Es gibt Leute, die sagen, dass ein Manager, der länger als maximal drei Monate "draußen" ist, nicht mehr zu gebrauchen ist. Warum das so sein soll, habe ich bis heute nicht verstanden (irgendwas mit Kontakten, die angeblich so schnell verloren gehen, und dem Müßiggang, der aller Laster Anfang sein soll und so). Ich glaube auch nicht, dass das richtig ist. Natürlich kann es sein, dass ein Manager, der nach vielen Jahren Stress, Kampf, Hektik, Druck und Ärger in einer Auszeit merkt, dass es auch ganz schön sein kann, nicht um 4:30 Uhr aus dem Bett zu kriechen, um den "Pyjama-Bomber" um 7:10 Uhr nach Düsseldorf zu bekommen. Dass es auch seinen Reiz hat, wenn man nicht über Budgets und Forecats, Abnahmemengen und Zielverfehlungen streiten muss. Aber genauso gibt es den Manager, der ein paar Wochen oder Monate Auszeit nutzt, um seinen Akku wieder aufzuladen und dann darauf brennt, sich mit neuer Energie und frischem Schwung erneut ins Tagesgeschäft zu stürzen und etwas zu gestalten und zu bewegen. Kommt halt immer darauf an.

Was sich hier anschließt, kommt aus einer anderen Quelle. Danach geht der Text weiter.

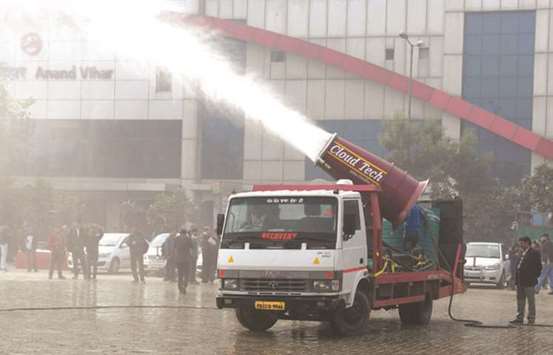 An anti-smog gun trial underway in New Delhi yesterday.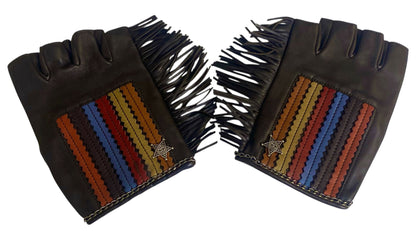 Rare Chanel 14A Paris Dallas Dark Brown Multicolor Gloves 8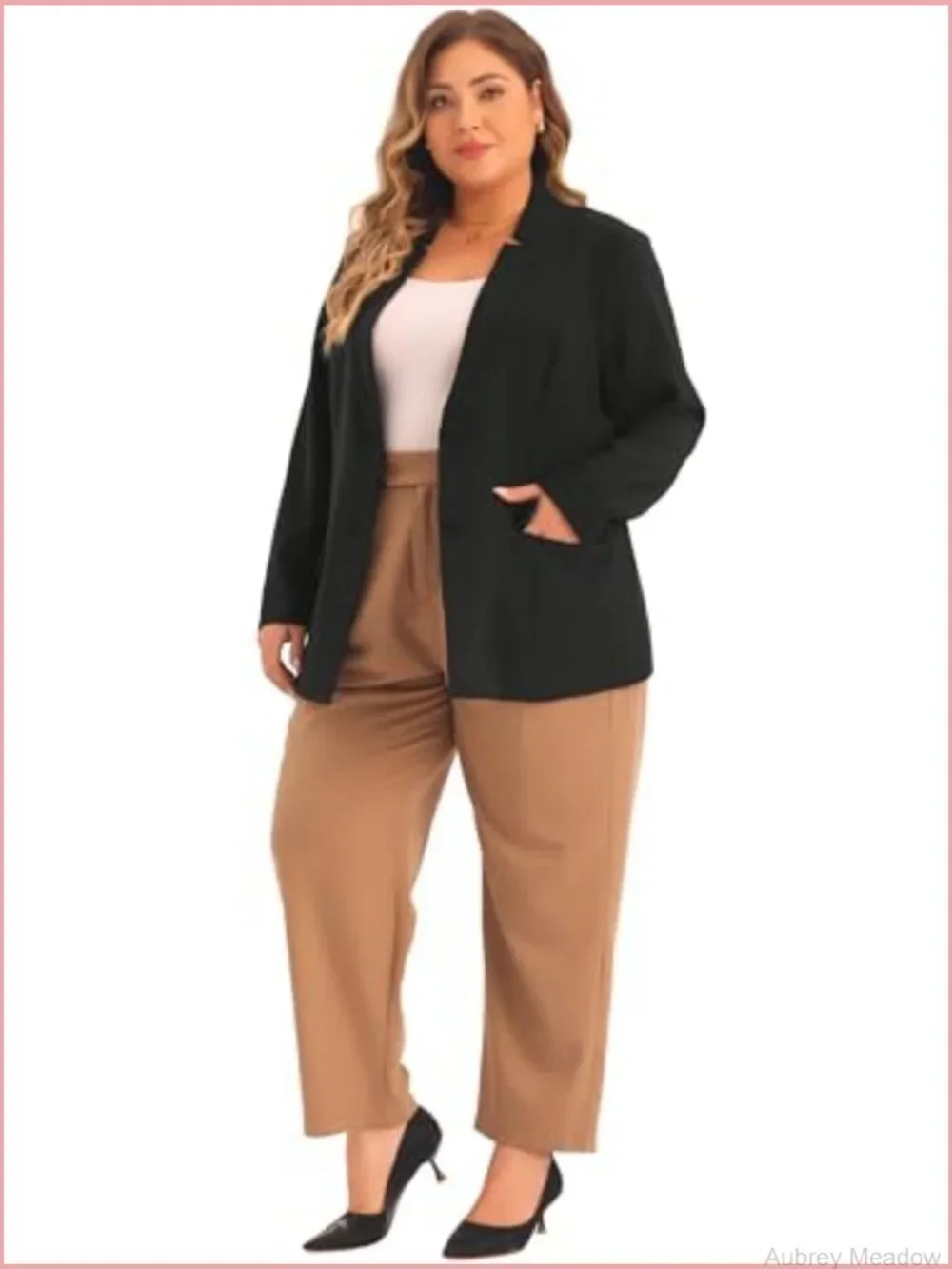Plus Size Business Blazer Notch Collar Single Button Long Sleeve Office Work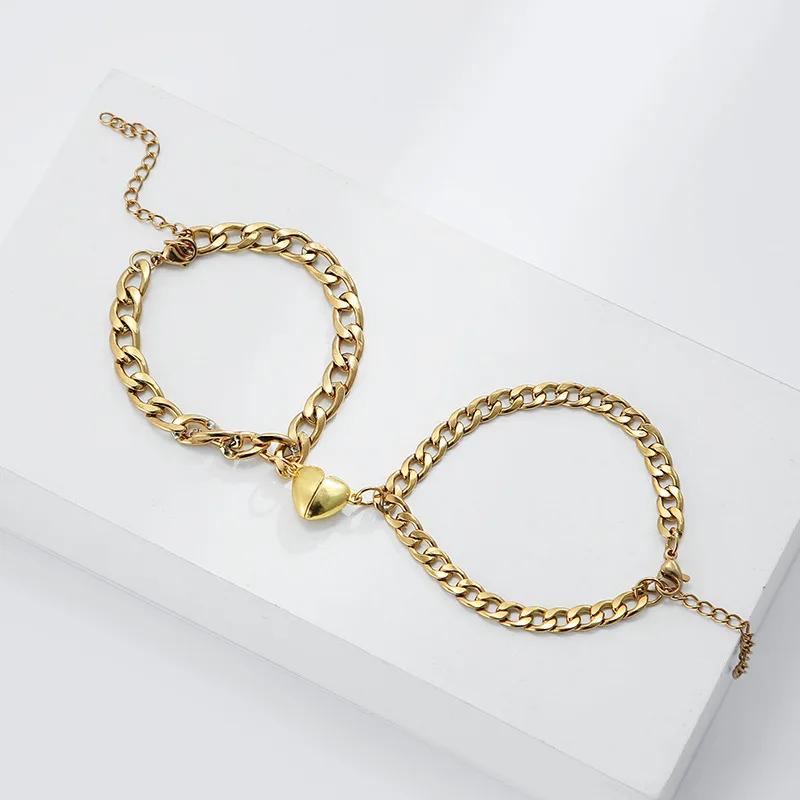 2Pcs Sun Moon Charm Magnet Attraction Stainless steel Bracelets for Couples Men Women Jewelry Wholesale Valentine's Day Gifts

Ich denke nur, es wäre fahrlässig, einen Top-Manager abzuschreiben und auf ihn zu verzichten, einzig und allein aus dem Grunde, dass er ein paar Monate nicht in der Tretmühle geschuftet hat.

In diesem Sinne wünsche ich Ihnen, lieber Herr Kemp, gutes Gelingen bei Ihrer neuen Aufgabe, wie immer die auch aussieht.